To use this functionality, an element of the
ReplaceOuptuts
class has to be created first without
defining the yml_filename
parameter. After that, the method
can be called, and the new yml file will be created in the specified
location:
uo <- rdocx::ReplaceOutputs$new(
template_docx_filename = "/path/to/file/filename.docx",
outputs_path = "path/to/outputs",
doc_final_filename = "./updated_filename.docx"
)
uo$get_captions_to_yml(yml_caption_filename="/path/to/file/filename.yml")
In the background, get_captions_to_yml()
scans for all
figures and tables in the docx file and populates the yml file with the
corresponding information (type
and title
). If
the user defines in the docx file the source of the figure or caption
below the placeholder image or table (“Source:”), it will assign this
information to the file
parameter in the yml file.
⚠️ Be sure to specify correctly the path to the source figure or table. The path will be built joining the outputs paths and the source path.
Once the yml file is created, the user can manually add the missing
information if needed (file
, widhts
,
occurrence
). If no file
is provided, the
output will be skipped and will remain unchanged.
Finally, this new yml file can be reassigned to the element of
ReplaceOutputs
:
uo$yml_filename <- "/path/to/file/filename.yml"
uo <- rdocx::ReplaceOutputs$new(
template_docx_filename = system.file(
"use_cases/02_automated_reporting",
"Automated_Reporting_Example.docx",
package="rdocx"
),
outputs_path = system.file(
"use_cases/02_automated_reporting/example_outputs",
package="rdocx"
),
doc_final_filename = "./test.docx"
)
uo$get_captions_to_yml(yml_caption_filename="./test.yml")

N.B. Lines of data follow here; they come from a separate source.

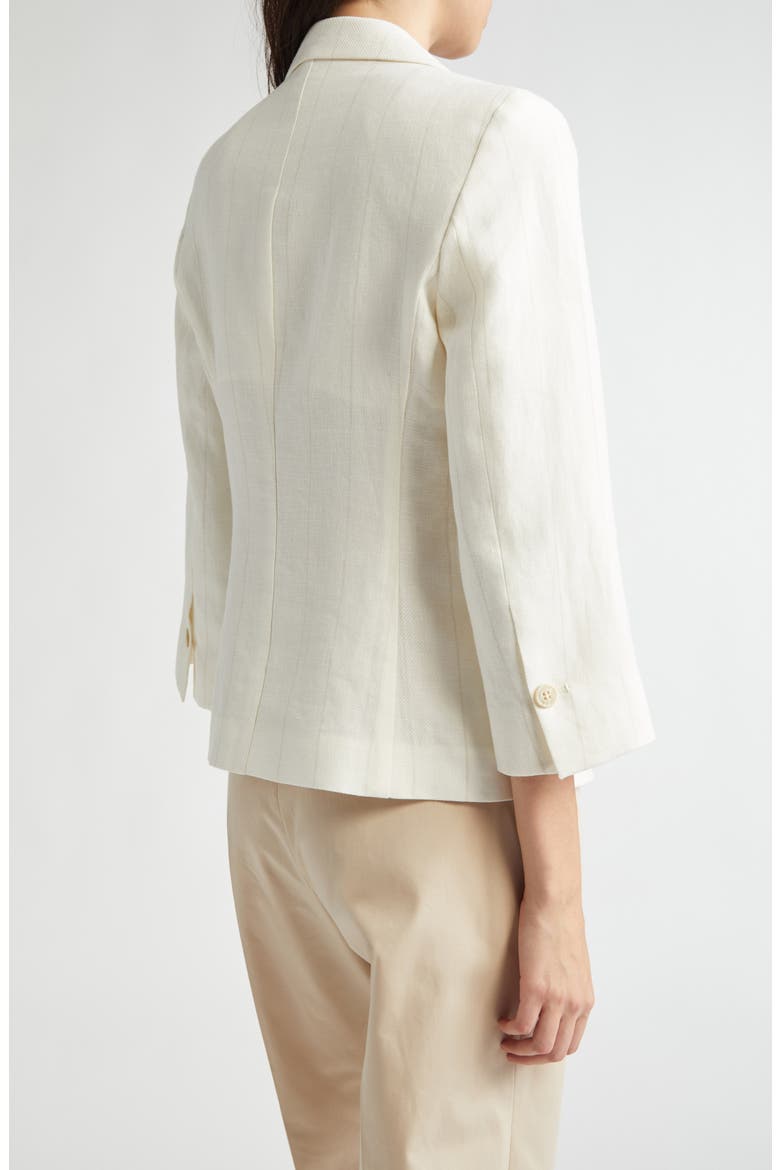 Pinstripe Double Breasted Crop Blazer, Alternate, color, WHITE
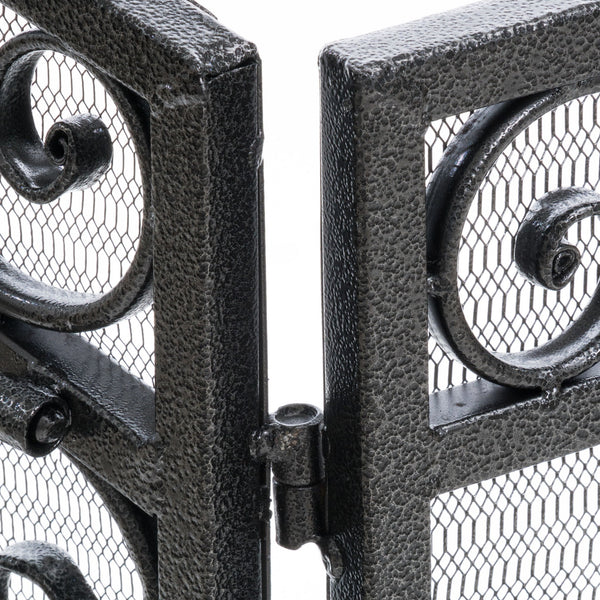 Mariella - Traditional Floral Iron Fireplace Screen With Ornate Design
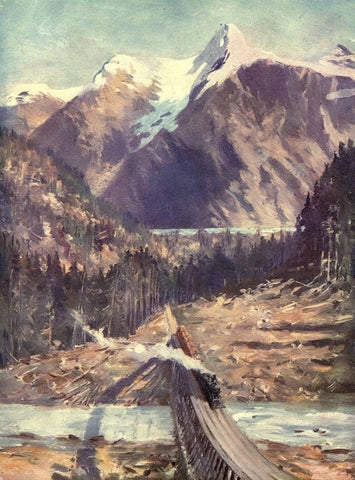 The Selkirks White Modern Wood Framed Art Print with Double Matting by Canadian Pacific Railway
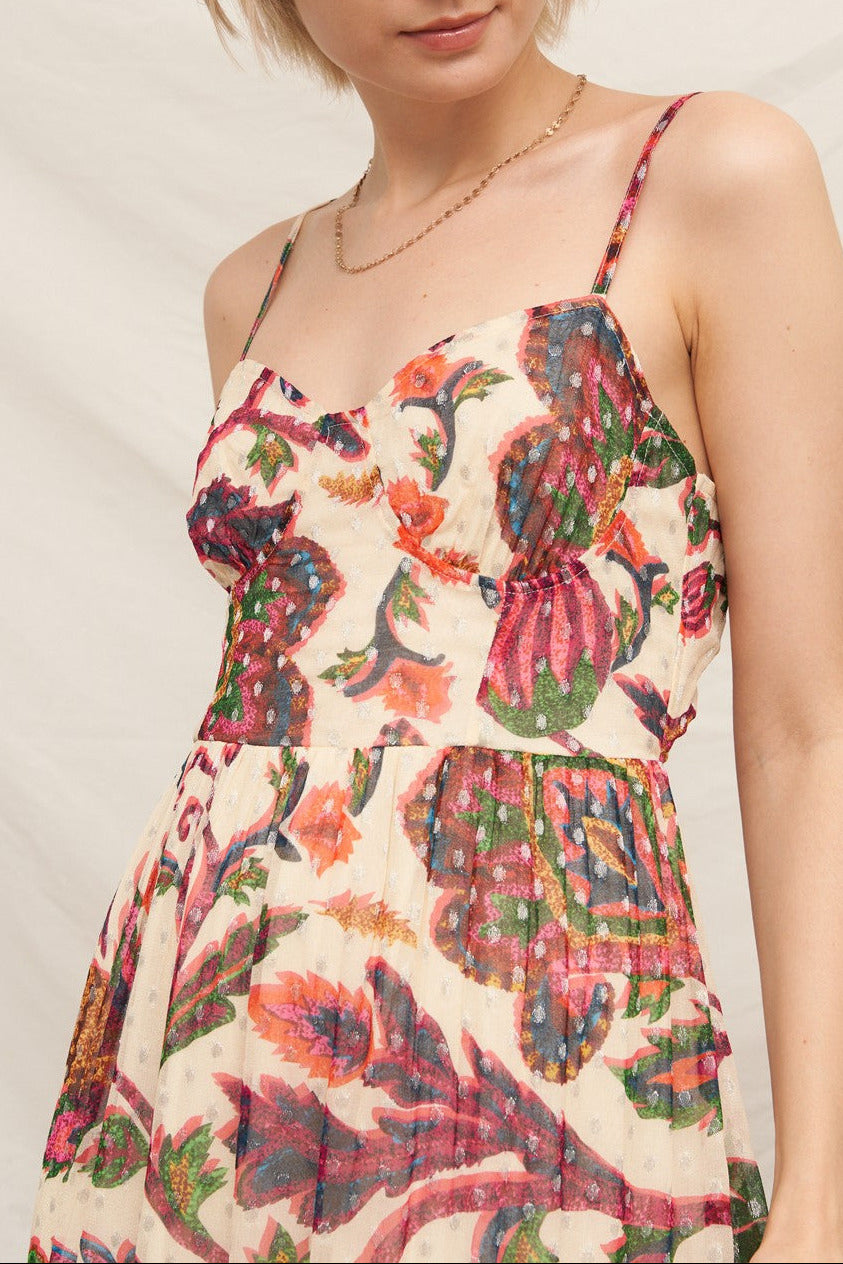 Carnivale Lurex Cot Printed Maxi Dress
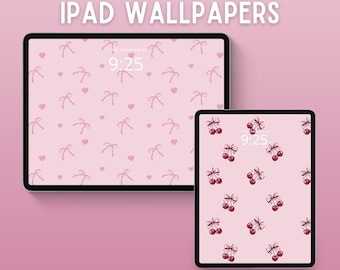 Coquette bows cherries ipad wallpaper valentines ipad background pink wallpaper coquette tablet wallpaper cute ipad lockscreen ios wallpaper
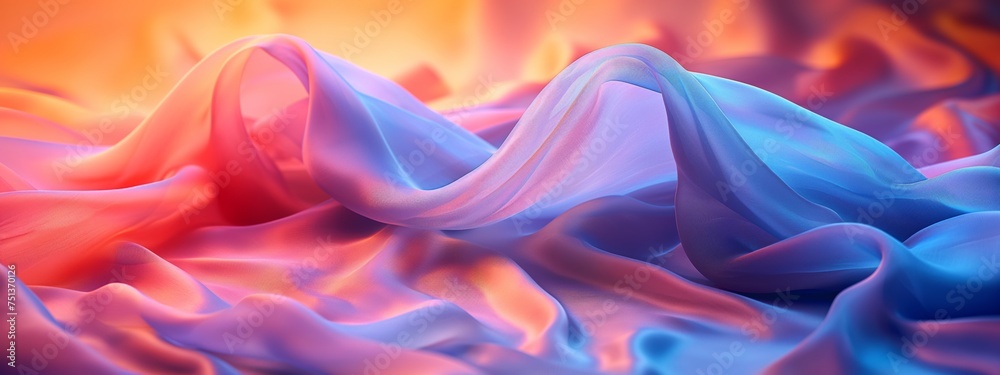 Iridescent chrome wavy gradient cloth fabric, abstract background, ultraviolet holographic foil texture, liquid surface, ripples, metallic reflection.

uo$yml_filename <- "./test.yml"
Update all outputs at once
Once the user has created an element of the
ReplaceOuptuts
class, the method
update_all_outputs()
can be used to update all the tables
and figures defined in the yml file. No parameters have to be defined
and, in the background, it iterates through all the outputs in the yml
file, and assigns them in the correct location in the updated docx file
with the correct format.
uo <- rdocx::ReplaceOutputs$new(
template_docx_filename = system.file(
"use_cases/02_automated_reporting",
"Automated_Reporting_Example.docx",
package="rdocx"
),
outputs_path = system.file(
"use_cases/02_automated_reporting/example_outputs",
package="rdocx"
),
doc_final_filename = "./test.docx",
yml_filename = system.file(
"use_cases/02_automated_reporting",
"example_yml_1.yml",
package="rdocx"
)
)
uo$update_all_outputs()
3. Inspect the updated docx report
You should now have rendered your docx file in the location
doc_final_filename
. Please, review the rendering to
ensure it is as expected.
Logging your settings and session info
The update_all_outputs()
function also logs information
to aid reproducibility and traceability. The log file will be written to
the same location as the doc_final_filename
. The log file
will contain the following information:
The path to the original and final docx document
The outputs folder and yml file location
The name of the figures/tables changed, and the path of the new figure/table added
The path from where your R libraries are loaded (i.e. the package bundle version)
The R session info provided by
sessionInfo()
👀 If you encounter an error please raise an issue for the {rdocx} package team.